#### Records provided
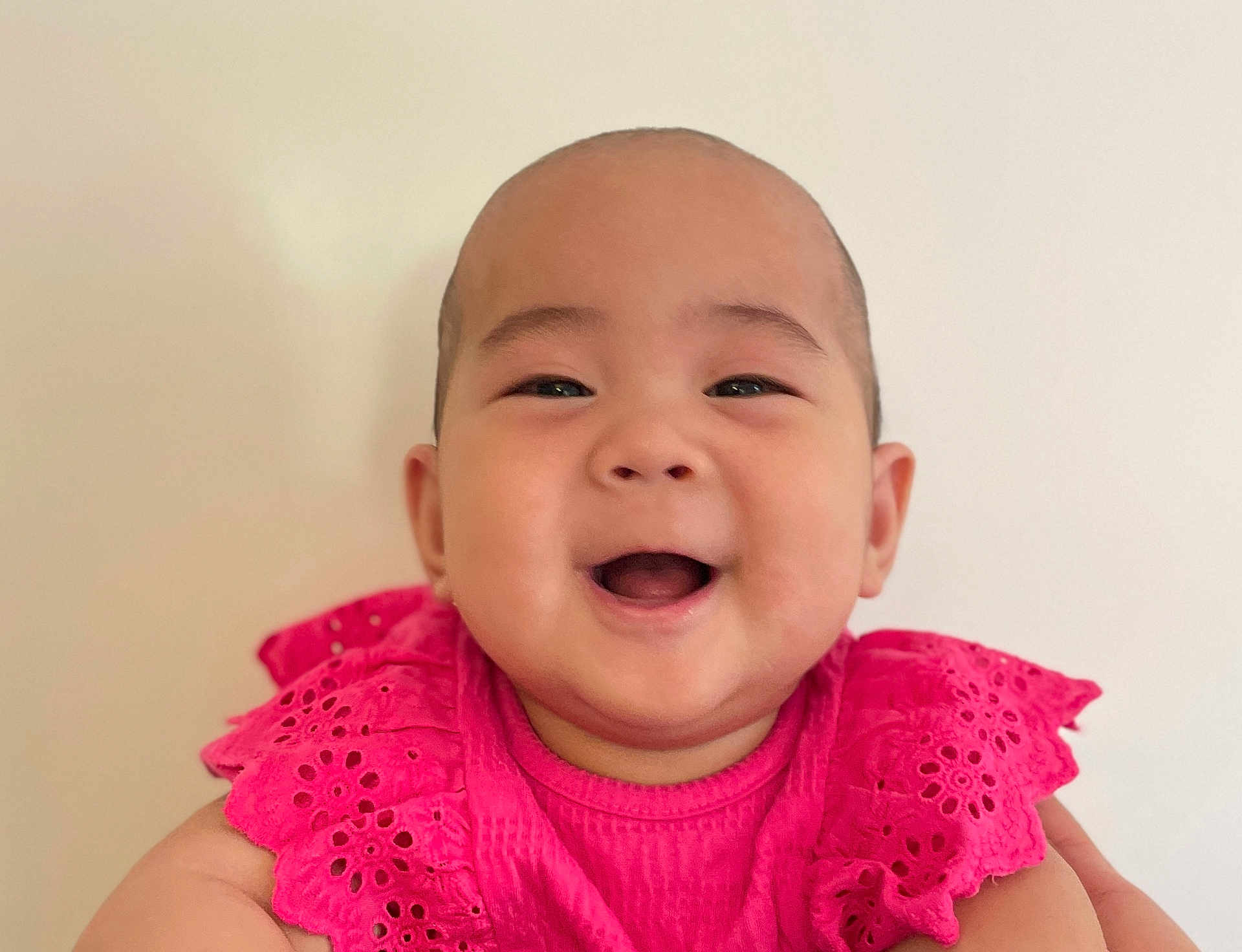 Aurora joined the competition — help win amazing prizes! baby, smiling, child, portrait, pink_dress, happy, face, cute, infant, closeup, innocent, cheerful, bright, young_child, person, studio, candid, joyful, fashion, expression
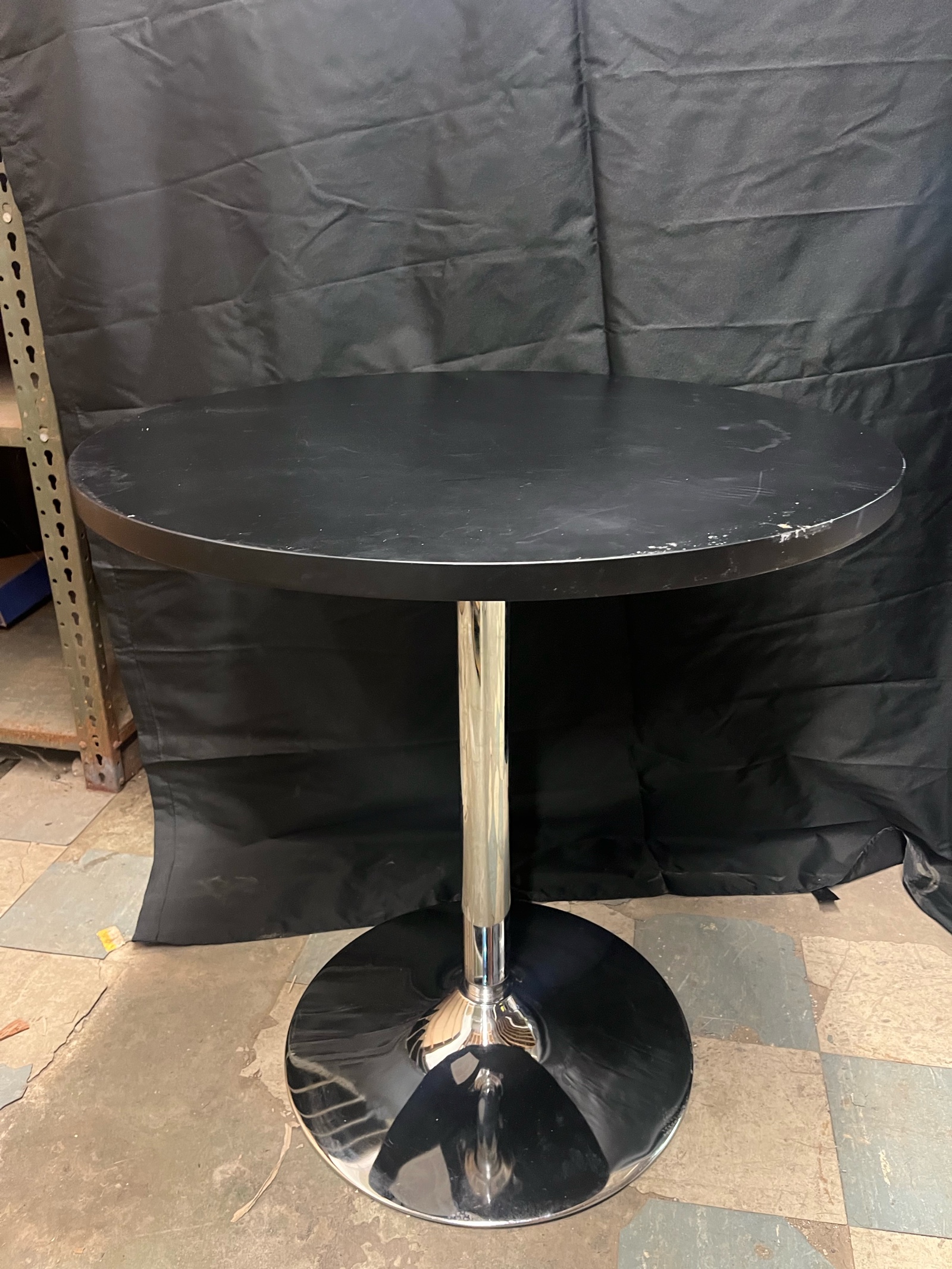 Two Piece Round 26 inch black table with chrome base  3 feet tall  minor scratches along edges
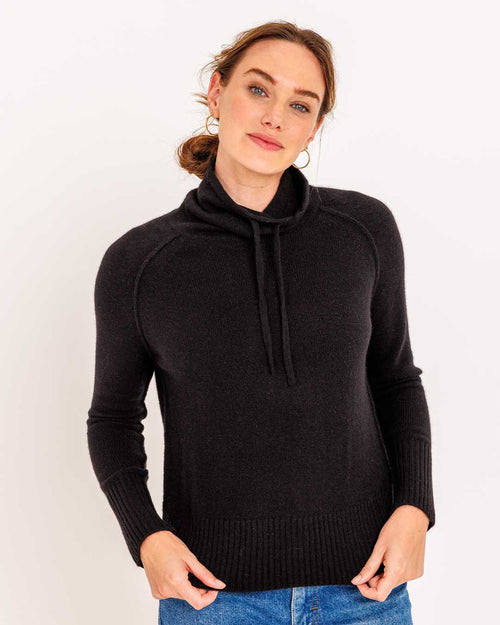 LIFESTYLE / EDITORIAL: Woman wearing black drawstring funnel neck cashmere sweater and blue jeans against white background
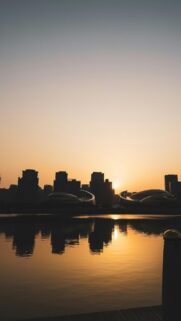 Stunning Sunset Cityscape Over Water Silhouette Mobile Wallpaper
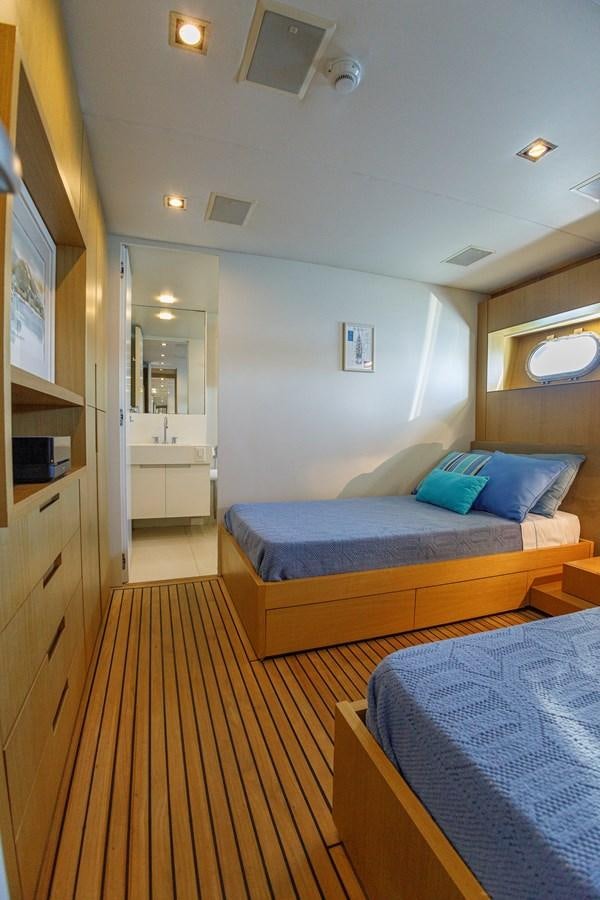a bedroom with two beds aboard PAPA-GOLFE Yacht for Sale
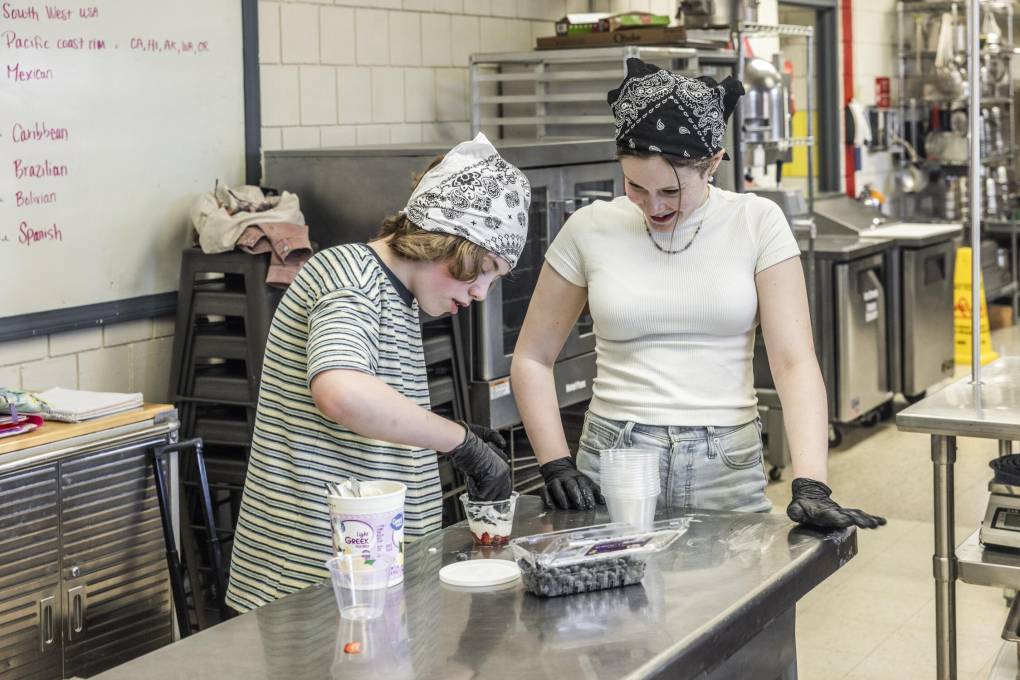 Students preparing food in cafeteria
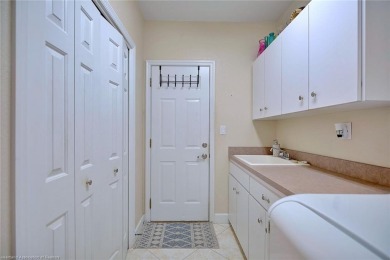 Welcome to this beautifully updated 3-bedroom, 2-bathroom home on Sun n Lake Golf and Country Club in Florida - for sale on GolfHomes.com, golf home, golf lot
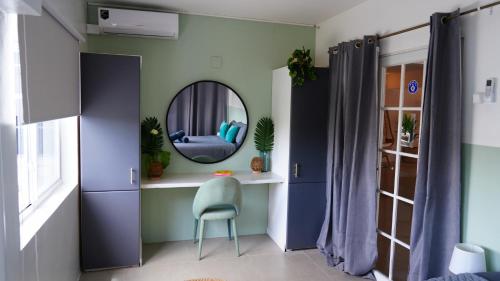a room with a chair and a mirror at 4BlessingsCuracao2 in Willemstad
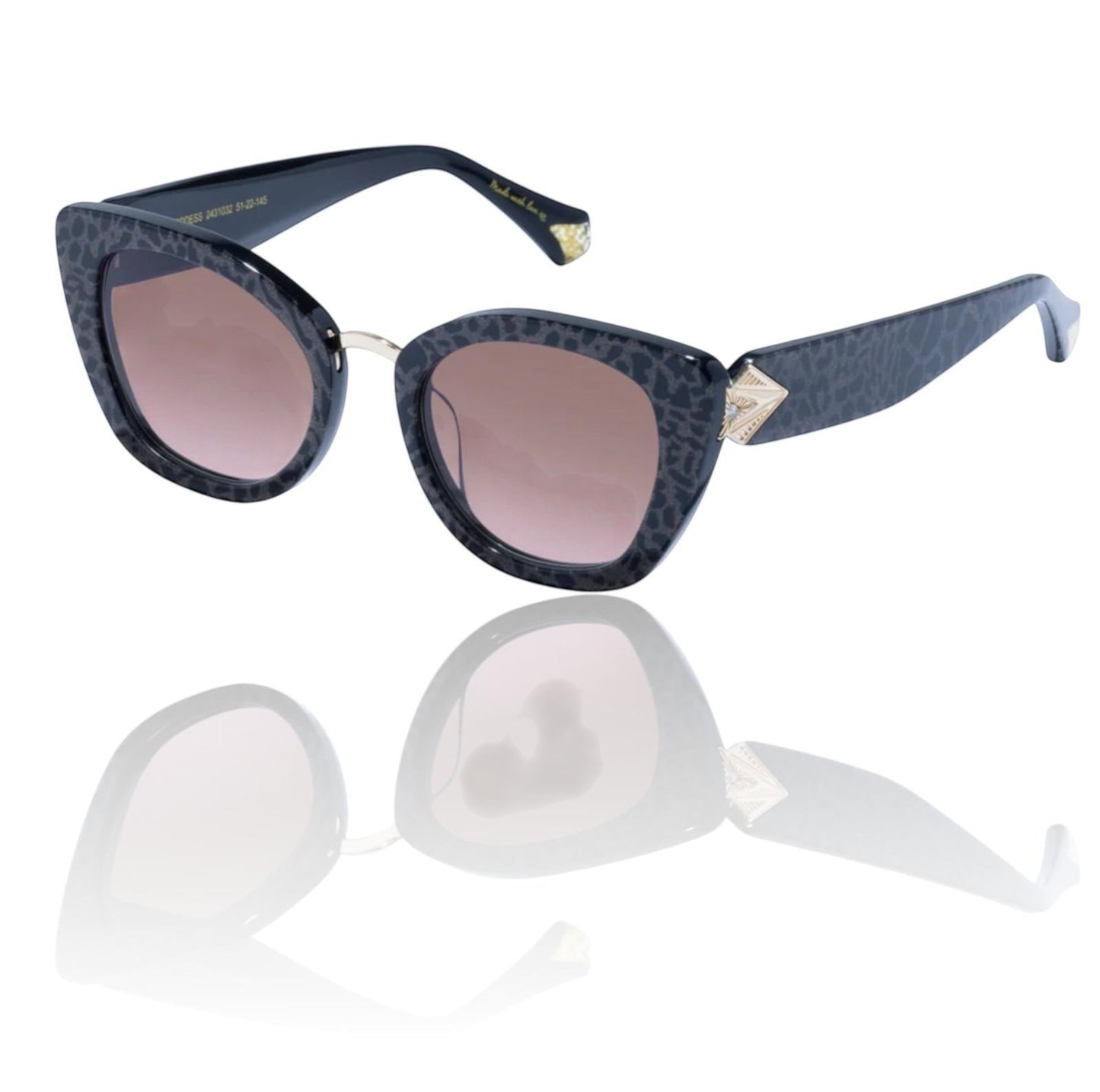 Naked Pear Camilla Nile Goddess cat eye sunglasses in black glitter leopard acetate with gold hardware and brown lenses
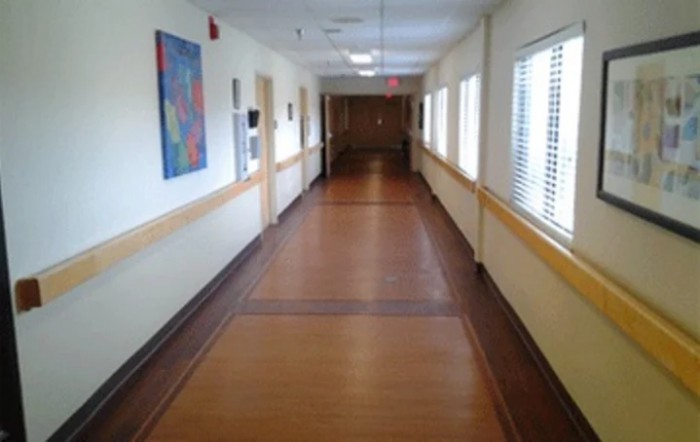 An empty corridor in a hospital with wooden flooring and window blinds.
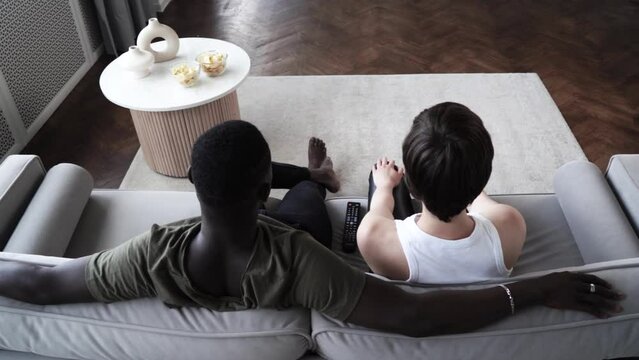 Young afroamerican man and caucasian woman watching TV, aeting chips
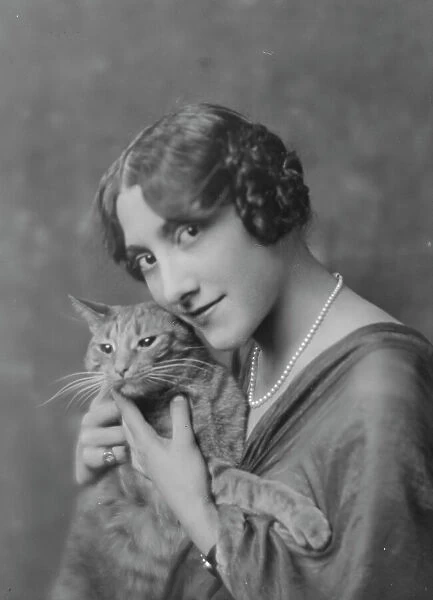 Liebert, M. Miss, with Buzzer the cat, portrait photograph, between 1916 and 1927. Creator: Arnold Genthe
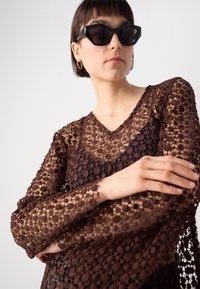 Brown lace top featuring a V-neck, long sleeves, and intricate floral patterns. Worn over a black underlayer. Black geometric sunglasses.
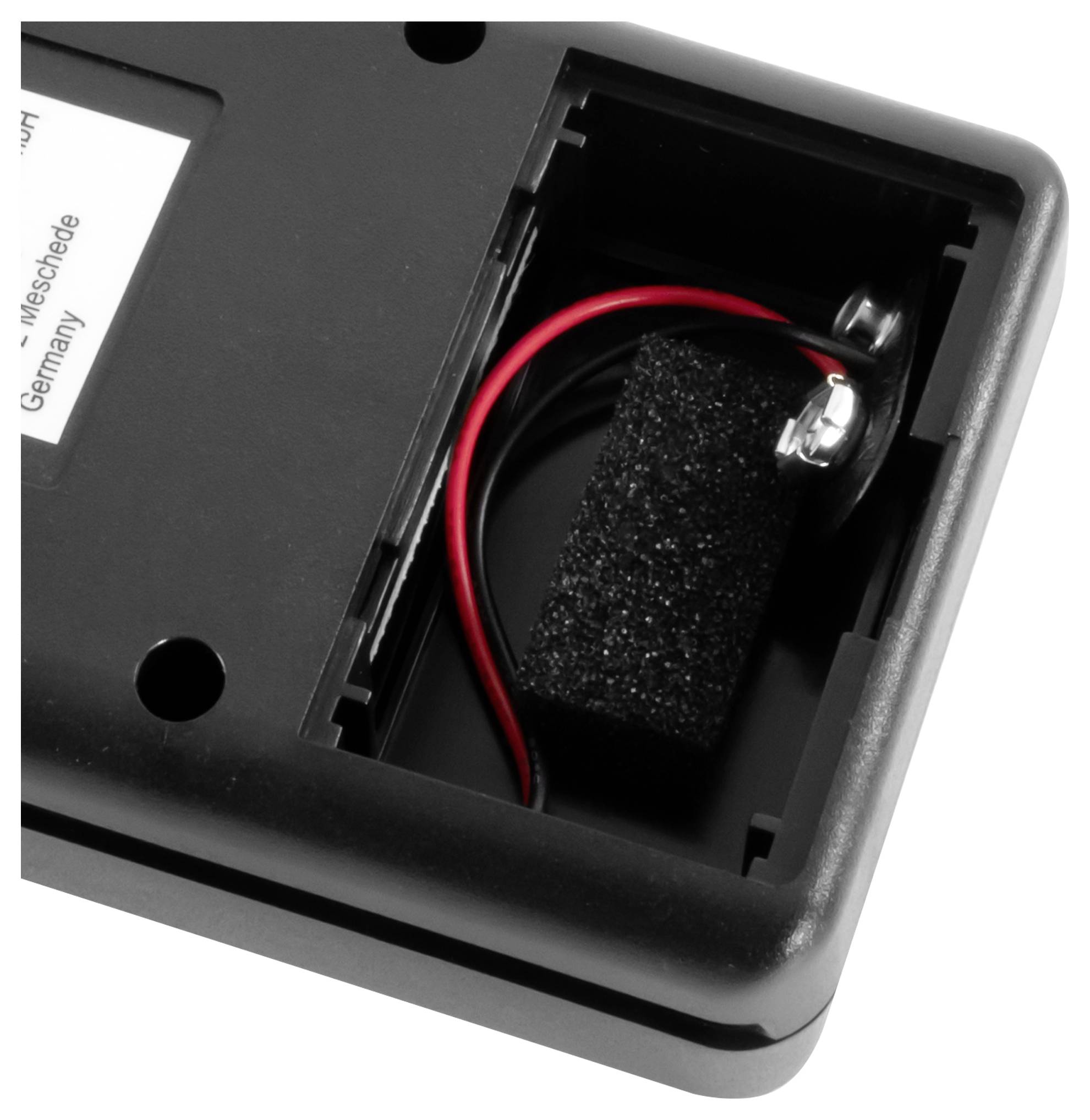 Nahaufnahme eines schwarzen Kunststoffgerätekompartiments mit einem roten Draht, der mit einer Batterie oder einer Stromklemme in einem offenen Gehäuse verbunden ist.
########
_Aim of the task_. Output the listing above exactly, but leave its pictures behind.

_Exercise output_.
 Aurora joined the competition — help win amazing prizes! baby, smiling, child, portrait, pink_dress, happy, face, cute, infant, closeup, innocent, cheerful, bright, young_child, person, studio, candid, joyful, fashion, expression
 Two Piece Round 26 inch black table with chrome base  3 feet tall  minor scratches along edges
 LIFESTYLE / EDITORIAL: Woman wearing black drawstring funnel neck cashmere sweater and blue jeans against white background
 Stunning Sunset Cityscape Over Water Silhouette Mobile Wallpaper
a bedroom with two beds aboard PAPA-GOLFE Yacht for Sale
 Students preparing food in cafeteria
 Welcome to this beautifully updated 3-bedroom, 2-bathroom home on Sun n Lake Golf and Country Club in Florida - for sale on GolfHomes.com, golf home, golf lot
a room with a chair and a mirror at 4BlessingsCuracao2 in Willemstad
 Naked Pear Camilla Nile Goddess cat eye sunglasses in black glitter leopard acetate with gold hardware and brown lenses
 An empty corridor in a hospital with wooden flooring and window blinds.
 Young afroamerican man and caucasian woman watching TV, aeting chips
 Liebert, M. Miss, with Buzzer the cat, portrait photograph, between 1916 and 1927. Creator: Arnold Genthe
 Brown lace top featuring a V-neck, long sleeves, and intricate floral patterns. Worn over a black underlayer. Black geometric sunglasses.
 Nahaufnahme eines schwarzen Kunststoffgerätekompartiments mit einem roten Draht, der mit einer Batterie oder einer Stromklemme in einem offenen Gehäuse verbunden ist.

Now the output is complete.